Transformar a amêndoa do cacau em um chocolate liso e apto para a cobertura de bombons não é barato nem simples. Requer equipamento que moa as sementes até se transformarem em uma pasta líquida e homogênea e uma área climatizada onde se possa dar choques de temperatura no chocolate – em Belém do Pará isso significa um ar condicionado ligado 24 horas por dia. Além, claro, de conhecimento técnico e não apenas empírico.
Outro lado do balcão
O trabalho de capacitação das bombonzeiras para que usem chocolate de origem é recente. Para se ter uma ideia, a primeira edição da feira de cacau e chocolate no Pará é de 2013. Mas tem dado resultados: “Algumas bombonzeiras capacitadas no início se tornaram produtoras de chocolate de origem e hoje expõem na parte dos chocolateiros”, explica Luciana.

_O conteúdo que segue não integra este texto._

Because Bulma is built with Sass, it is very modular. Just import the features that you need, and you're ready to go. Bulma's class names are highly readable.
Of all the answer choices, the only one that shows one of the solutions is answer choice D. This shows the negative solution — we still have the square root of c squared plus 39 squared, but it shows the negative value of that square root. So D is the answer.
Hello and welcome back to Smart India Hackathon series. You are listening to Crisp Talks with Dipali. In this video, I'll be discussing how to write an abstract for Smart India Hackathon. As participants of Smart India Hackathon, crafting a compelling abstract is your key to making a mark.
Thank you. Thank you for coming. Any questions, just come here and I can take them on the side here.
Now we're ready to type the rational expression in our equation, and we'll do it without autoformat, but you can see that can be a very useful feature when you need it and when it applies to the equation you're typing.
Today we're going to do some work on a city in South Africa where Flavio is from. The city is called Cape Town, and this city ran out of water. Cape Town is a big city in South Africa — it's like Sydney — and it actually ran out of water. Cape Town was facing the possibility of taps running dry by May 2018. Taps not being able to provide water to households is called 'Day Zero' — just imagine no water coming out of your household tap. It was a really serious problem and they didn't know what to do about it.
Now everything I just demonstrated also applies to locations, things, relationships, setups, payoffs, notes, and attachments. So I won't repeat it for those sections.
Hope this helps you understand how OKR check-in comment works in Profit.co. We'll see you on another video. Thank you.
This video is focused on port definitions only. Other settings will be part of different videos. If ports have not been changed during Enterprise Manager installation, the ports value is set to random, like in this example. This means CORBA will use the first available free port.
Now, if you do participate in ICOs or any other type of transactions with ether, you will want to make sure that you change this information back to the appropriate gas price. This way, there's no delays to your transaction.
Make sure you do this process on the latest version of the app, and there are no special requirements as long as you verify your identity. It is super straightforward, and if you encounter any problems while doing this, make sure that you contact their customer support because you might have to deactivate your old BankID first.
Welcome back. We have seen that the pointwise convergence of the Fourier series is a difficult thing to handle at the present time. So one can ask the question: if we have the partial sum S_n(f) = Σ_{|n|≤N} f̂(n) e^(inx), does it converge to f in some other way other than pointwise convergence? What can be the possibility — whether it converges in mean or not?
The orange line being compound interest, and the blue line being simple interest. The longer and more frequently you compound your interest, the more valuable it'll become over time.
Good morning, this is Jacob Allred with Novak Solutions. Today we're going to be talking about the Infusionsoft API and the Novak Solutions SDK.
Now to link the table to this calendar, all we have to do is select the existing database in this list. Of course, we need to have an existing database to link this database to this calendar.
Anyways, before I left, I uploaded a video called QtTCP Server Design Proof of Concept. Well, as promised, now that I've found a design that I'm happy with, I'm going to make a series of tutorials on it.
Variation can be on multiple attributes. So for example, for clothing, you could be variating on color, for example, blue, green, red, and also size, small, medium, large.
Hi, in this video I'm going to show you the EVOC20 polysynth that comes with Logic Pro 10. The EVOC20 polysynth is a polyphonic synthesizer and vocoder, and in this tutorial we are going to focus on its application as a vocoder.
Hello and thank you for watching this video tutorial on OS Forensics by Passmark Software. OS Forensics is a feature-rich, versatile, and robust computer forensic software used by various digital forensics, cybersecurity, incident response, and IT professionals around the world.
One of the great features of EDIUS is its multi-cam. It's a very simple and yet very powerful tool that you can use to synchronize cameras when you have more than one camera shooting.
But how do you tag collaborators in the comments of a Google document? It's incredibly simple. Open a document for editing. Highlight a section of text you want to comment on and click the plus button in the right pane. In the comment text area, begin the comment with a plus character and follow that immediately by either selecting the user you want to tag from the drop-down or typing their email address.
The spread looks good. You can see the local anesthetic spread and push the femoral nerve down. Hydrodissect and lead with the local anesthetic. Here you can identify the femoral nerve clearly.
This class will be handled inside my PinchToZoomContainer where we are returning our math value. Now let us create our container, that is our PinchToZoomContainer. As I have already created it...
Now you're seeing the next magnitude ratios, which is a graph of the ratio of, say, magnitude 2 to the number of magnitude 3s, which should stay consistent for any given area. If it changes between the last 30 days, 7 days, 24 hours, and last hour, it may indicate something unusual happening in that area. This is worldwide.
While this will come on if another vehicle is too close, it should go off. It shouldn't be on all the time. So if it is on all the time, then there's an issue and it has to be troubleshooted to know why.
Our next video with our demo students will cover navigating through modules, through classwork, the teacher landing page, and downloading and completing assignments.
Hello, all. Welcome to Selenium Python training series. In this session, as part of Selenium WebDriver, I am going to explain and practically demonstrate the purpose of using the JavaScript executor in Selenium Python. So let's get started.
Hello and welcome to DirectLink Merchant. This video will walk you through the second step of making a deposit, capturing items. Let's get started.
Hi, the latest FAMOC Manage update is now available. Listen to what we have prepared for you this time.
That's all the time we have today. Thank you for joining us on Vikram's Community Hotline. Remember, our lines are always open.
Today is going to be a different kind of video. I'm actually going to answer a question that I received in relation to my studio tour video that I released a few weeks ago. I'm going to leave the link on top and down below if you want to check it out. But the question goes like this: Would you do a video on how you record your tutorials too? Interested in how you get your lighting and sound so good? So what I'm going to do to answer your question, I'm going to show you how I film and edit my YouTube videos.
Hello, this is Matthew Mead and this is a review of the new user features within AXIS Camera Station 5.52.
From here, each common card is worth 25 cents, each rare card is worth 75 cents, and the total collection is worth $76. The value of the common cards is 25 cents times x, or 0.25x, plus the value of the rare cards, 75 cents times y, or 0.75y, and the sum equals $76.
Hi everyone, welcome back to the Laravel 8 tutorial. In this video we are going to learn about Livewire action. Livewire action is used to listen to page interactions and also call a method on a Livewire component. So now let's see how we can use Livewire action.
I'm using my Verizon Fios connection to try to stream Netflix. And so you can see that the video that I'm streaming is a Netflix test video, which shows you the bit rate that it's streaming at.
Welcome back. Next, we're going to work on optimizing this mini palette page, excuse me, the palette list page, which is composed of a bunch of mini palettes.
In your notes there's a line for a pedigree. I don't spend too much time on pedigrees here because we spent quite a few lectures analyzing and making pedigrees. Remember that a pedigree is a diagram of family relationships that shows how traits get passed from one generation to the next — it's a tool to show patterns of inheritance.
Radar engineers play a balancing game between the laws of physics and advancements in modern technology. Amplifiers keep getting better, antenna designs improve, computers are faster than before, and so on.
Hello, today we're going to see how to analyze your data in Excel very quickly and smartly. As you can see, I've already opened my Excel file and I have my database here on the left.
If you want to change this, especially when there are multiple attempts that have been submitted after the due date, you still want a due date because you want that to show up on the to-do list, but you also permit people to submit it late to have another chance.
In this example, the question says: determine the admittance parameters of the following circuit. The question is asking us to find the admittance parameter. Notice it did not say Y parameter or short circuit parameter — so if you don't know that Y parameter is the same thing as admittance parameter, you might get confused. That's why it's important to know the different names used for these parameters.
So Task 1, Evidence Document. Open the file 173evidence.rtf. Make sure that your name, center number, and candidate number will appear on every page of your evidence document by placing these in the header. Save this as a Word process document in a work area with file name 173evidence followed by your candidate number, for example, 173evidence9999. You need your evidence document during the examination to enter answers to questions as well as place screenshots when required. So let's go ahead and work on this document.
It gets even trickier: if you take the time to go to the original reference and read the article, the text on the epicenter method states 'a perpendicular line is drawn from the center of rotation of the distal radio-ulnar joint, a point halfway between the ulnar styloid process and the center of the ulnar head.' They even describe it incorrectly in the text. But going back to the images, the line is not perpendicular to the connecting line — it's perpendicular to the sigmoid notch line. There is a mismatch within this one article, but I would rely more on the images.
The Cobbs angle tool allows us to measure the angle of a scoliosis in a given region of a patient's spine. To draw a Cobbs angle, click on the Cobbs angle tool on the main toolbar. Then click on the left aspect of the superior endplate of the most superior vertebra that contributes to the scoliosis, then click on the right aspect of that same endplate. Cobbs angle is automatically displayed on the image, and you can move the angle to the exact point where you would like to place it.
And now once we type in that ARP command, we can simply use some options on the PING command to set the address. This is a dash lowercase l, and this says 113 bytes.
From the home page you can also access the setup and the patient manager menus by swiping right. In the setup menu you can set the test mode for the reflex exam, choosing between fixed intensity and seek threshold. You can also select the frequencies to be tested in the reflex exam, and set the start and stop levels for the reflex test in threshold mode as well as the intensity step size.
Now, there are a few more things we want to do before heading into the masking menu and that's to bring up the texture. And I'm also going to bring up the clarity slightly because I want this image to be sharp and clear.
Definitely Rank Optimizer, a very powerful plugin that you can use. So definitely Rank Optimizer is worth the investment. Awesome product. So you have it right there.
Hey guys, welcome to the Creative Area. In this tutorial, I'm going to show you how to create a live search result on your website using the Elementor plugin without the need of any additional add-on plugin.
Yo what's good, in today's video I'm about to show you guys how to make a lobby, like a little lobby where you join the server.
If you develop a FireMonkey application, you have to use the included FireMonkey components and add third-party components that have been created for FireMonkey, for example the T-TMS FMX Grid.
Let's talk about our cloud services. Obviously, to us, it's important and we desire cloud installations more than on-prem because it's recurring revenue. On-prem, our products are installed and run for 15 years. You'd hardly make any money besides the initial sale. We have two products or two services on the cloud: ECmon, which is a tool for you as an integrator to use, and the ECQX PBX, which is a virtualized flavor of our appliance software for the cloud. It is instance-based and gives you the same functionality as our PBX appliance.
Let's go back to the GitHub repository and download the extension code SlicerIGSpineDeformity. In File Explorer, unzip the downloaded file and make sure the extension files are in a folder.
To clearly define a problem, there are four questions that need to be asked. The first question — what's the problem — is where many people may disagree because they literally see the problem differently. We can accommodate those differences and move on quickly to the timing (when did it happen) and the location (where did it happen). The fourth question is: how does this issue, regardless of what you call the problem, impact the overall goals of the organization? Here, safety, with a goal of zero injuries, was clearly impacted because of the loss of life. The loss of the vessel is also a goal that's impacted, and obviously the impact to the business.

Um exemplo é Izete Costa, a produtora de chocolate mais famosa do Pará. Dona Nena, como é conhecida a produtora da Ilha do Combu, era bombonzeira quando conheceu o chef Thiago Castanho, em 2011. Ela queria refinar seu chocolate para conseguir cobrir seus bombons e acabou descobrindo na barrinha rústica seu carro-chefe. “Resolvi fazer minha produção de bombom caseiro com meu próprio chocolate e não conseguia. Mas quando o Thiago chegou aqui, se apaixonou pelo nosso trabalho e pediu que a gente não refinasse”, recorda-se, rindo.
Sob a marca Filha do Combu e uma equipe de 11 funcionários, Dona Nena produz 15 produtos, entre eles a barrinha rústica, bombons, brigadeiros e barras de chocolate refinadas (com 55%, 70% e 85% de cacau). Recentemente acrescentou ao portfólio uma versão com leite, com chocolate produzido pela Gaudens Chocolate. Atualmente, uma média mensal de 20 quilos de chocolate rústico é vendido para o chef, que repassa aos colegas.
Mas não é todo mês que Dona Nena tem chocolate: o peso varia de acordo com a safra, de dezembro a março e de junho a setembro. No final de setembro, quando a reportagem esteve na Ilha do Combu, só havia frutos verdes nos cacaueiros de várzea.
*A jornalista viajou a convite da organização do Chocolat Amazônia Festival e Flor Pará 2019.